Aim of the task: Upon reaching the line that contains "Ensemble de 4" in the records below, begin repeating every line exactly through the last one, skipping pictures.

Data entries:
======

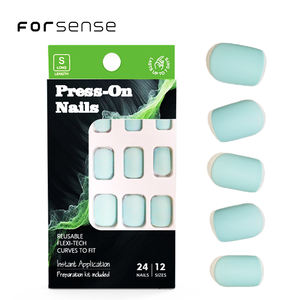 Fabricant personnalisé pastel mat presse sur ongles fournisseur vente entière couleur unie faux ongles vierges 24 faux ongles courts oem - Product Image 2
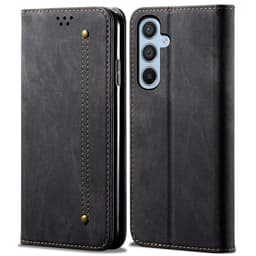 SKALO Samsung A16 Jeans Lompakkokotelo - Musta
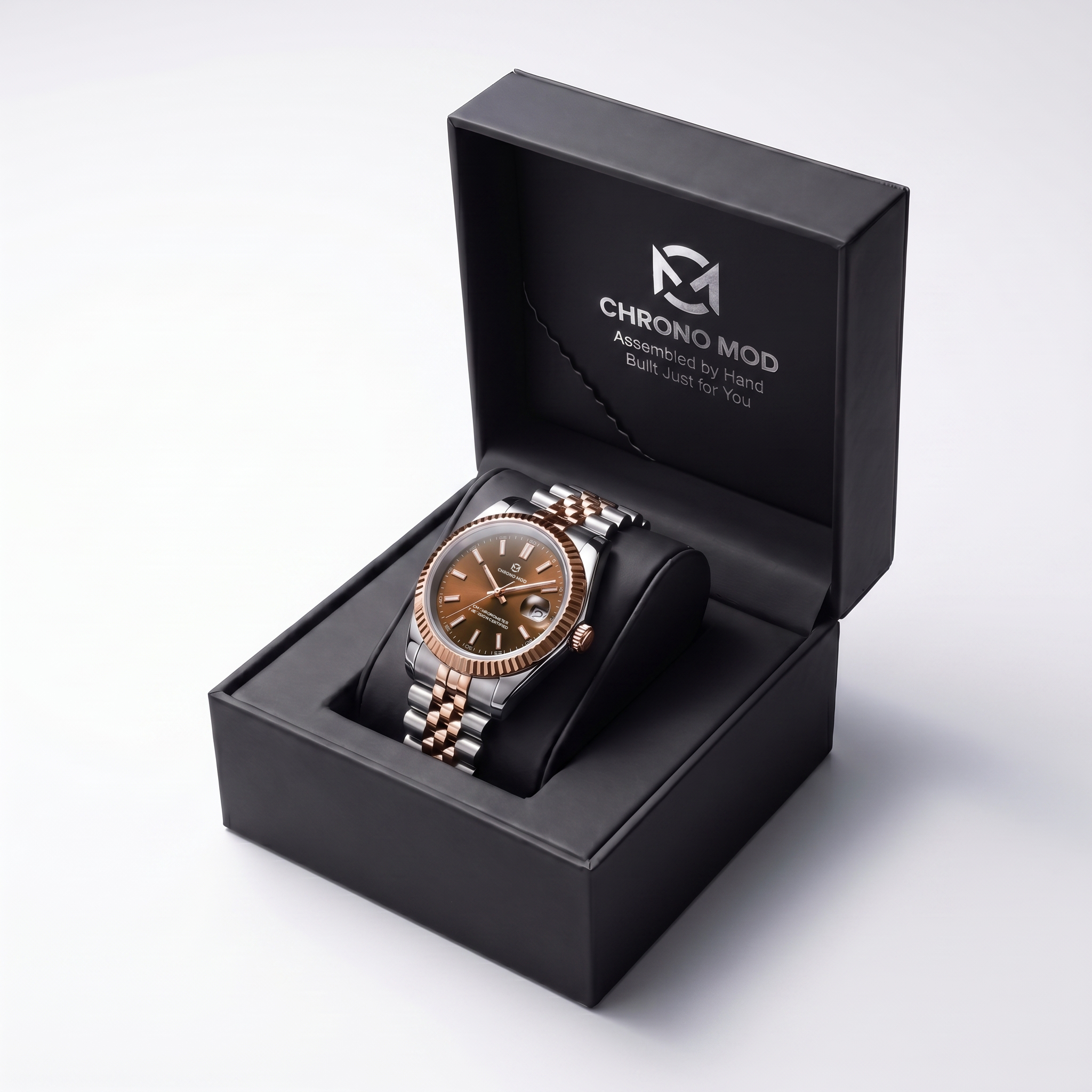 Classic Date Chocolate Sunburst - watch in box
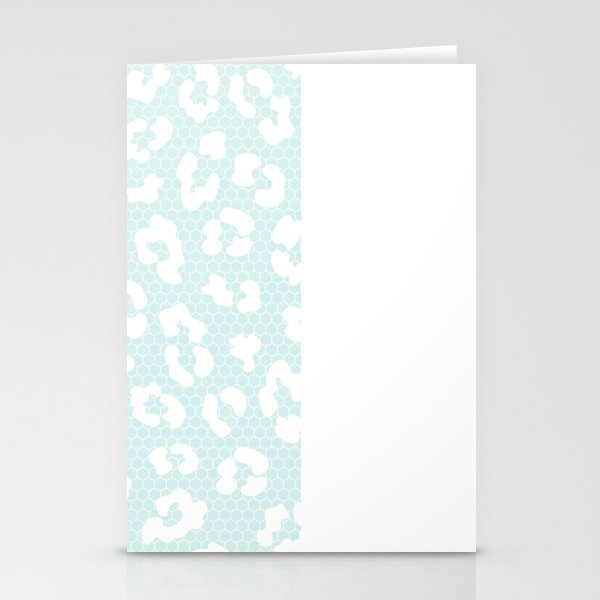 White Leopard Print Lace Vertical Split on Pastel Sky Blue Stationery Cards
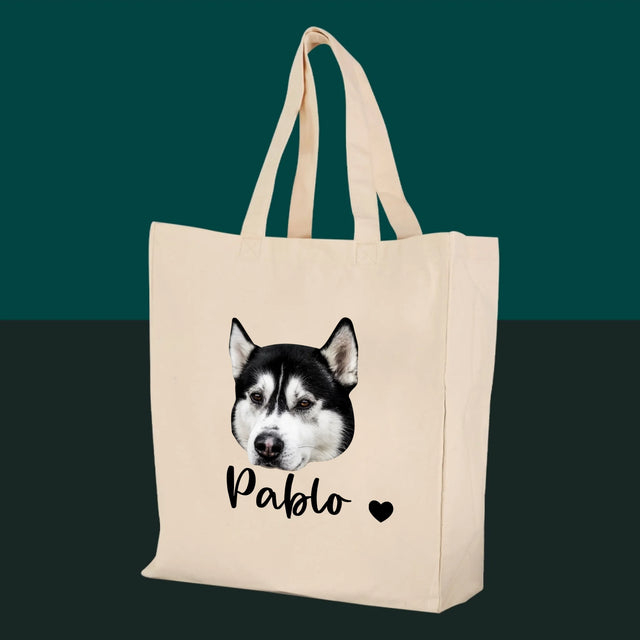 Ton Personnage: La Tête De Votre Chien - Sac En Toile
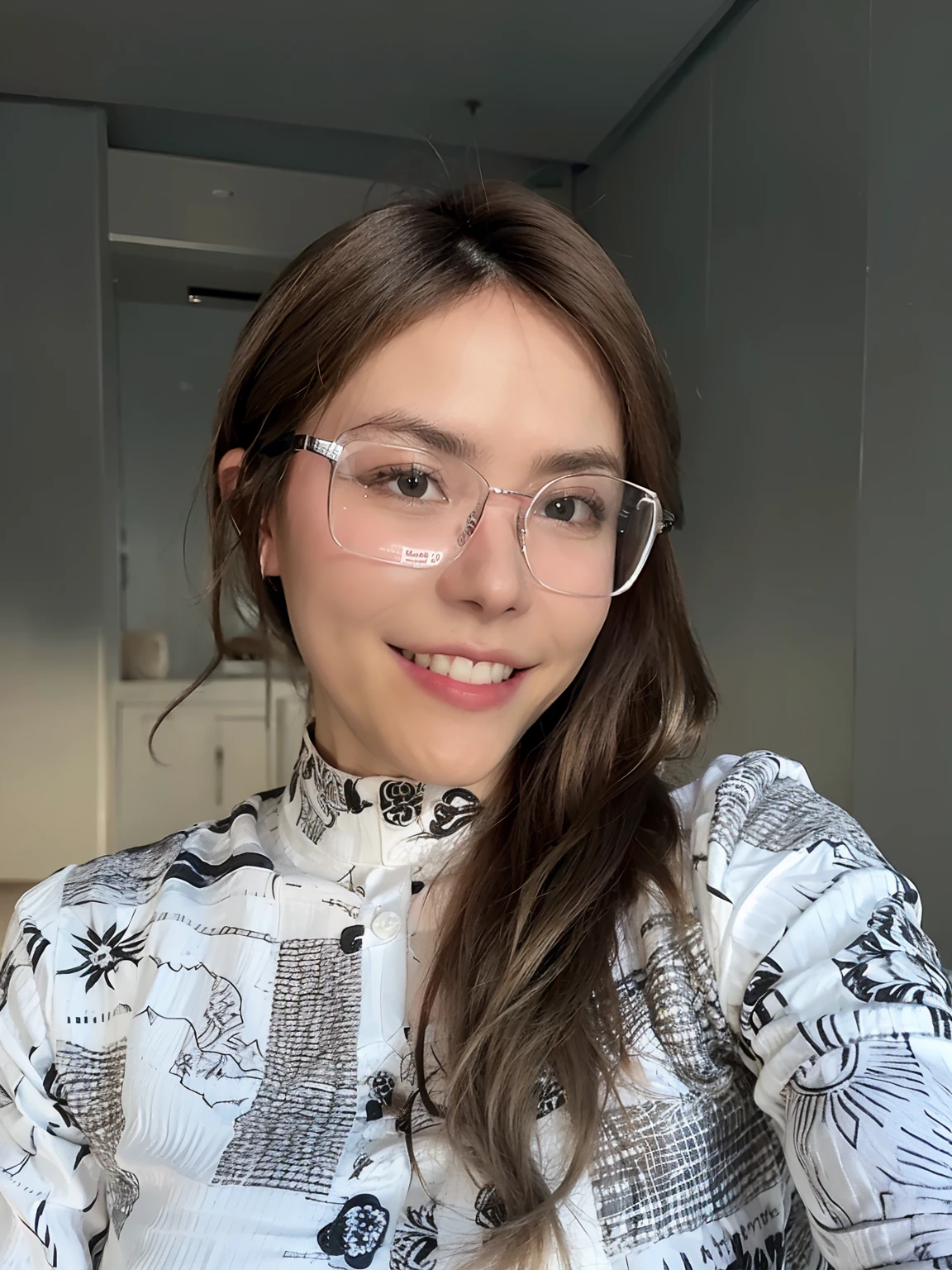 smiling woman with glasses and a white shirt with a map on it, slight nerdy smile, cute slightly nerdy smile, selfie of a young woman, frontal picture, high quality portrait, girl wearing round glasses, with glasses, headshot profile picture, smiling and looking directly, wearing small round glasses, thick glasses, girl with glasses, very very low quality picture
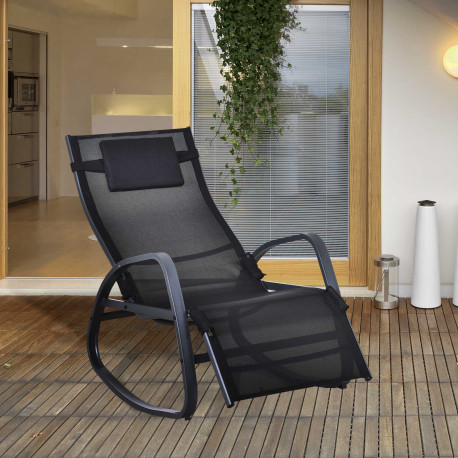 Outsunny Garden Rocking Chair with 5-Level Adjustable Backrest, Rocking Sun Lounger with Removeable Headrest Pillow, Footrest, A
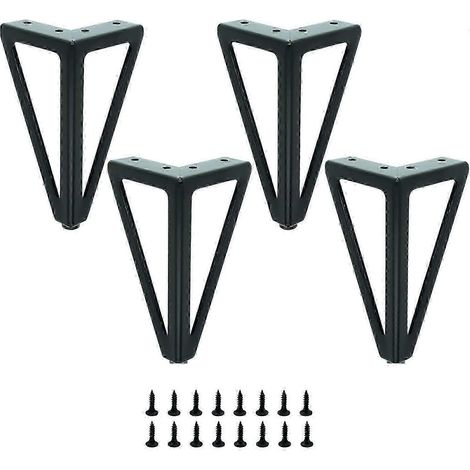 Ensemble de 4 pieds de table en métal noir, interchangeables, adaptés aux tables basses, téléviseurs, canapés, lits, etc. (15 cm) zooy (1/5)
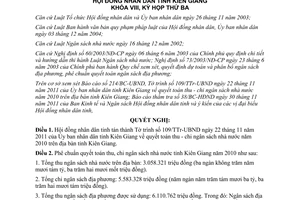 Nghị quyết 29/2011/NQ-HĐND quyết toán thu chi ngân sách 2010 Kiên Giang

======

Response to the exercise:
 Ensemble de 4 pieds de table en métal noir, interchangeables, adaptés aux tables basses, téléviseurs, canapés, lits, etc. (15 cm) zooy (1/5)
 Nghị quyết 29/2011/NQ-HĐND quyết toán thu chi ngân sách 2010 Kiên Giang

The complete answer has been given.